The canopy is clear but has a seam running down the middle that has to be dealt with. There are also several parts to be added to the inside of the canopy, some of which I just couldn’t handle. I was able to get part I1 installed and the PE mirrors added to it, but I couldn’t figure out how part I10 attached, so I left it off. I feel like the instructions were a bit of a letdown in this area. I also left off part D23, which I think is some sort of inner lining for the canopy, but the part was warped and I didn’t really want to deal with trying to repair it. Therefore, I opted for a closed canopy on my model.
There are four different marking options, but all of them use the same paint scheme, which is comprised of 5 colors. Three of the options are low-viz schemes, but option B has a colorful orange and blue set of decals that cover the vertical tail surfaces. I chose option A which is from the 3rd Tactical Fighter Group at Tainan Airbase. The decals are thin and in register and snuggled down nicely using Micro Set and Sol. The decal film area around the images was too generous on many of the stencils. The eagle decal on the tail was not quite opaque enough to cover the camouflage colors underneath and the colored bands that went around the AIM-9 and TC-1 missiles could have been slightly longer. I had to touch up paint a couple of areas where they didn’t quite reach.

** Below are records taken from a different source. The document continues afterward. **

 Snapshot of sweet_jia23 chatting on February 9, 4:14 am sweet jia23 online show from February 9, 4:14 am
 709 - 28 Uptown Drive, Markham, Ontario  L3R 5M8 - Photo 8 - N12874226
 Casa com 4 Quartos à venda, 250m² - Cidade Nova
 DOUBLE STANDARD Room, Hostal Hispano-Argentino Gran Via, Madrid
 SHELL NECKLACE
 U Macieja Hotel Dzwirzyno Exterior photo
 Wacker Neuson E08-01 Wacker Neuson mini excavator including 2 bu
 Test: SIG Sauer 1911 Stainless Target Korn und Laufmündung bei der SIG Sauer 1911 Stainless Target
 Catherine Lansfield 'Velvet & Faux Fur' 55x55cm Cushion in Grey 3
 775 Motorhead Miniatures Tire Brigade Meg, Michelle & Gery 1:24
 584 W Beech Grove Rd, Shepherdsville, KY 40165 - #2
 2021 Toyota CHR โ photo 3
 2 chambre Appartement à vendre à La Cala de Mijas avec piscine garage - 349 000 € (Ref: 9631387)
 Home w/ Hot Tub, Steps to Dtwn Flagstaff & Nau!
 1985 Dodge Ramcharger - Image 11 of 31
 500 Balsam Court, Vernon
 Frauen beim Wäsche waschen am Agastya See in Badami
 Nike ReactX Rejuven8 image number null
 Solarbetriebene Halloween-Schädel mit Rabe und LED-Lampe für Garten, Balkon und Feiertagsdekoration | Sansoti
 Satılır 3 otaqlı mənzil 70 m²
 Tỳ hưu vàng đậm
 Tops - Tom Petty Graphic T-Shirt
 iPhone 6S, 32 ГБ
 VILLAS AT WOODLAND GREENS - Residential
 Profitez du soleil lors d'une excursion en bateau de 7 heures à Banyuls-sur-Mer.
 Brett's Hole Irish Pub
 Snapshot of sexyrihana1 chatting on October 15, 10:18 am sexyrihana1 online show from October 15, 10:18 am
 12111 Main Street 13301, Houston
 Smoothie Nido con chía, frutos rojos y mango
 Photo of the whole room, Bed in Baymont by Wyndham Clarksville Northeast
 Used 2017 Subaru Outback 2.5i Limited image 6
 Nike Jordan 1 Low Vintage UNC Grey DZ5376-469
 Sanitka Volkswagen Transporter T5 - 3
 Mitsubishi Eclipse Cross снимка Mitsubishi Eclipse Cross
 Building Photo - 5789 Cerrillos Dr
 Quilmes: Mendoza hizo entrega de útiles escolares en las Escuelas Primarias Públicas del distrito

After that, it was just a matter of adding all the fiddly bits and giving it a final clear coat. Overall it is a very nice kit that is definitely geared toward the more experienced modeler. There are several small and thin parts which need a lot of care when removing from the sprue and in handling and attaching. In the hands of an expert modeler, this kit could turn into a real show-stopper. My sincere thanks to AFV Club and IPMS for the chance to build and review this excellent kit. Highly recommended!